By RUKMINI CALLIMACHI and ERIC SCHMITTJUNE 3, 2017

The bomber who killed 22 people at a pop concert in Manchester, England, last month had met in Libya with members of an Islamic State unit linked to the November 2015 Paris terrorist attack, according to current and retired intelligence officials.

The content of the communications between the attacker, Salman Abedi, and the terrorist cell remains unknown. But the possibility that he was directed or enabled by Islamic State operatives in Libya, as opposed to Syria, suggests that even as the group’s Middle East base is shrinking, at least one of its remote franchises is developing ways to continue attacks within Europe.

On visits to Tripoli as well as to the coastal Libyan town of Sabratha, Mr. Abedi met with operatives of the Katibat al-Battar al-Libi, a core Islamic State unit that was headquartered in Syria before some of its members dispersed to Libya.

Originally made up of Libyans who had gone to Syria to fight in the civil war, the unit became a magnet for French and Belgian foreign fighters, and several were dispatched to carry out attacks abroad. Some of the terrorist group’s most devastating hits in Europe, including the coordinated attack in Paris in 2015, were shaped by alumni of the brigade.

The contacts between Mr. Abedi and Battar members occurred when he went to Libya, especially in Tripoli and Sabratha, according to a retired European intelligence chief, who spoke on the condition of anonymity to discuss details of the case. The former official added that Mr. Abedi kept up contact with the group after returning to Manchester, his hometown.

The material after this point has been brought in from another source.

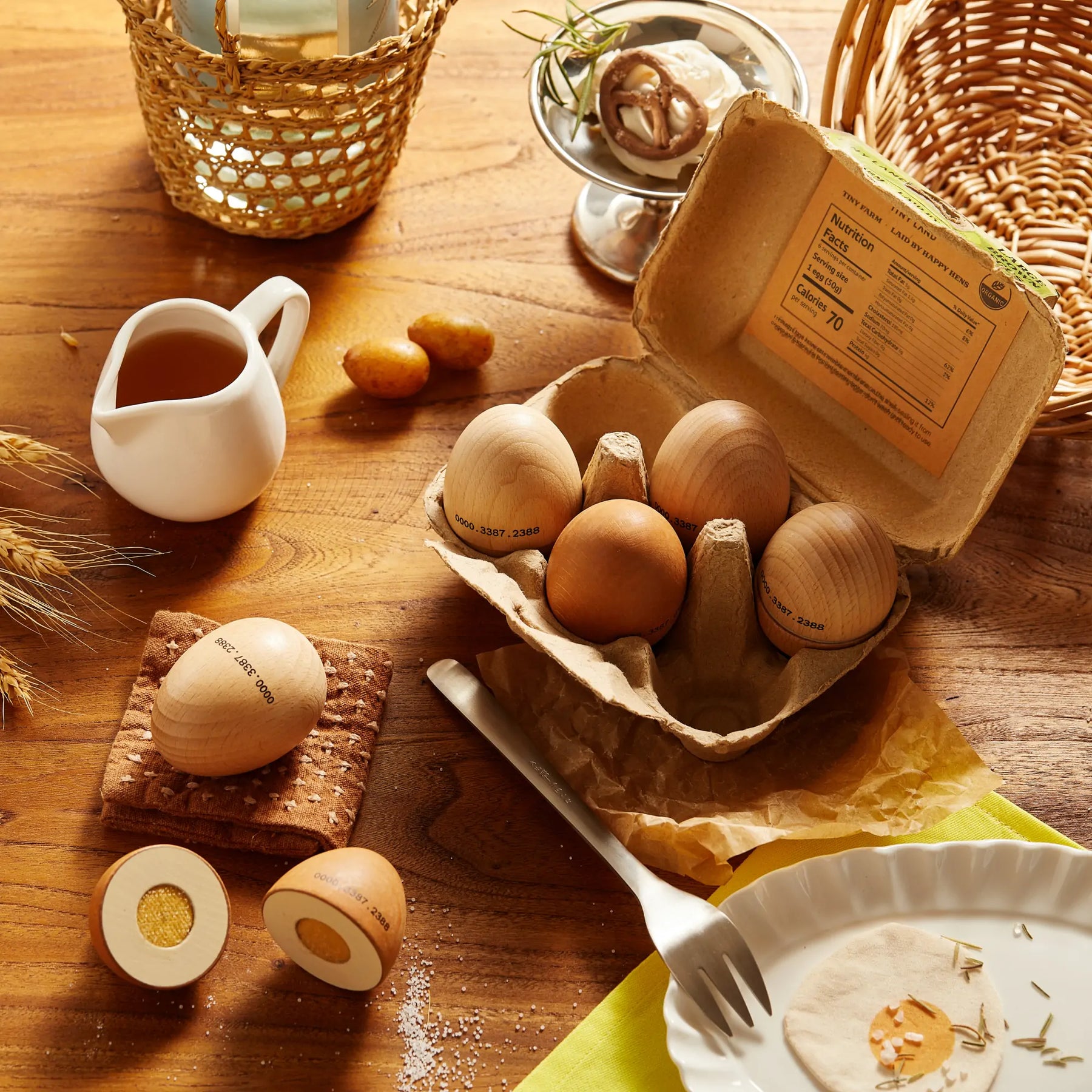 The Tiny Land® Organic Play Food - 4 Sets by Tiny Land features brown wooden eggs in a carton on a wooden table, surrounded by play accessories, creating a charming rustic breakfast scene with pretend food toys.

When Mr. Abedi was in Britain, the contacts would sometimes happen by phone, the retired official said. If the content of the call was sensitive, Mr. Abedi used phones that were disposable, or dispatches were sent from Libya by his contacts to his “friend” — living in Germany or Belgium — who then sent it to Mr. Abedi in Britain, according to the former intelligence chief.

Mr. Abedi’s contacts with the Battar brigade members in Libya — though not the details of the methods used to communicate or the specific locations — were confirmed by a senior United States intelligence official, who also spoke on the condition of anonymity.

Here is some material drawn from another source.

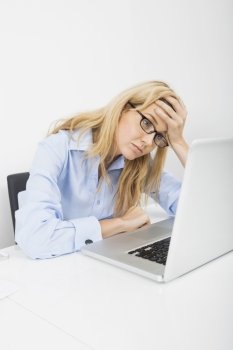 Exhausted businesswoman looking at laptop in office
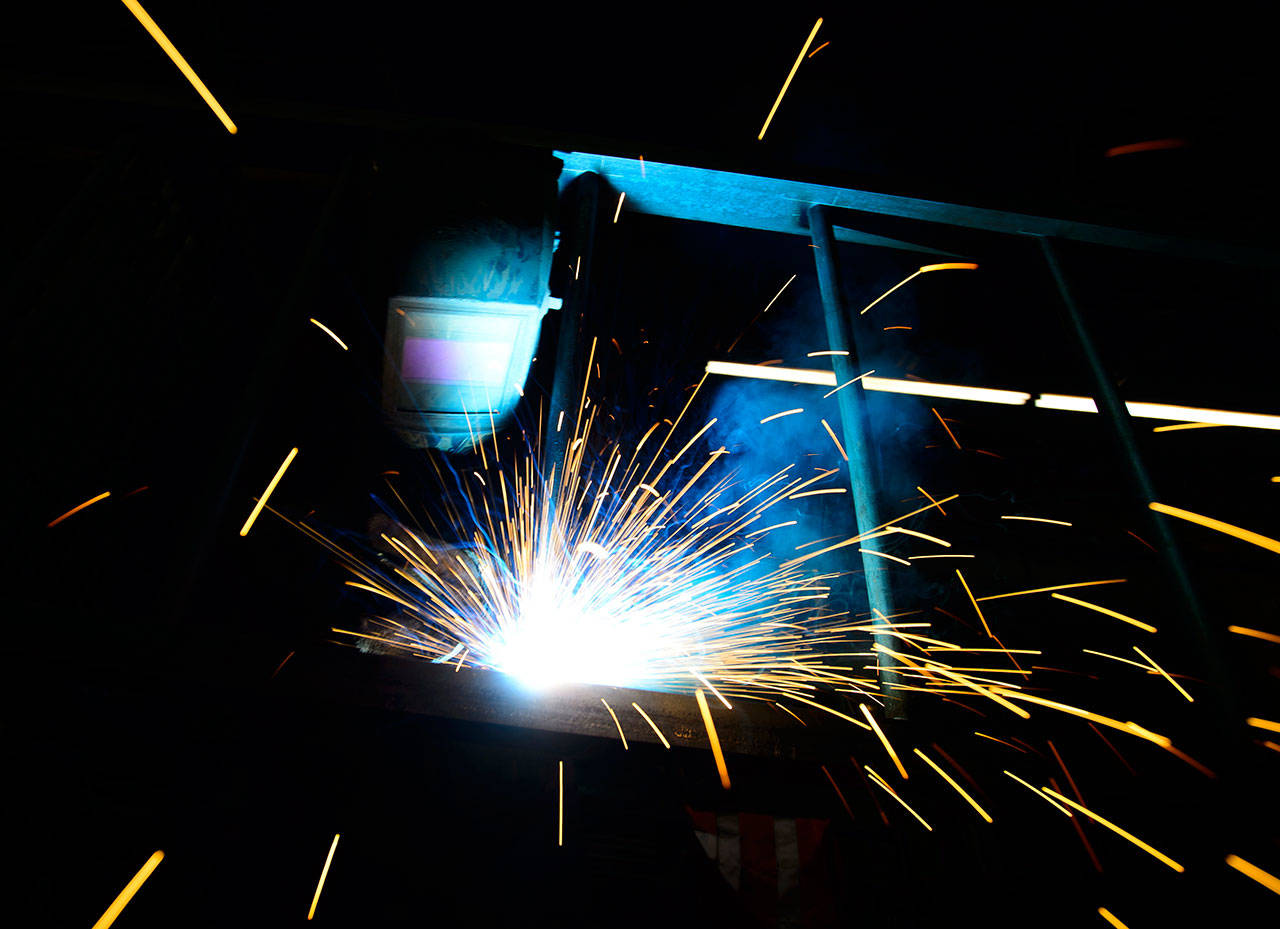 A welder fabricates a steel structure at an iron works facility in Ottawa, Ontario, on Monday. President Donald Trump insisted Monday that he’s “not backing down” on his plan to impose stiff tariffs on imported steel and aluminum. But the tariffs could launch a trade war that would be felt in Wasahington state (Sean Kilpatrick/The Canadian Press via AP)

Both officials said that Mr. Abedi’s activities in Libya remained the focus of intensive investigations.

The leaders of the Islamic State, also known as ISIS, have been actively coordinating with loyalists in Libya since at least the start of 2015, sending personnel back from Syria to help them establish their fledgling colony. Their Libyan province, headquartered in the port city of Surt, grew to become their most important outside of Iraq and Syria.

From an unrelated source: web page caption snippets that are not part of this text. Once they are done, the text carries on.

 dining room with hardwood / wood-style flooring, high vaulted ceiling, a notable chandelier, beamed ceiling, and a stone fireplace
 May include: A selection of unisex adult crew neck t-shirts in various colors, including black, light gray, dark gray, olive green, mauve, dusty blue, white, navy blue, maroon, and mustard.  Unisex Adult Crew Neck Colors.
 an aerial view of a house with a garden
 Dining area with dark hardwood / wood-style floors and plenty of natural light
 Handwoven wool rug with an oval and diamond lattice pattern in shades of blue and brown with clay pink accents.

After nearly two years, the Libyan branch recently lost ground, with its forces routed from more than 100 miles of coastline. But no one believes the group has been destroyed there — instead it has dispersed, while maintaining its operational abilities.

The Battar brigade was formed by Libyan fighters who were seasoned veterans of Iraq and Afghanistan. It was among the first foreign jihadist contingent to arrive in Syria in 2012, as the country’s popular revolt was sliding into a broader civil war and Islamist insurgency, said Cameron Colquhoun, formerly a senior counterterrorism analyst at Britain’s Government Communications Headquarters, or GCHQ, its surveillance and intelligence agency.

“One of the things I remember from my time is the fact that some of the baddest dudes in Al Qaeda were Libyan,” he said, citing a study of seized Qaeda personnel files by the Combating Terrorism Center at West Point, showing that as far back as 2007, almost 20 percent of the terrorist group’s fighters in Iraq were from Libya.

“When I looked at the Islamic State, the same thing was happening,” said Mr. Colquhoun, who now runs Neon Century, a corporate intelligence consultancy in London. “They were the most hard-core, the most violent — the ones always willing to go to extremes when others were not. The Libyans represented the elite troops, and clearly ISIS capitalized on this.”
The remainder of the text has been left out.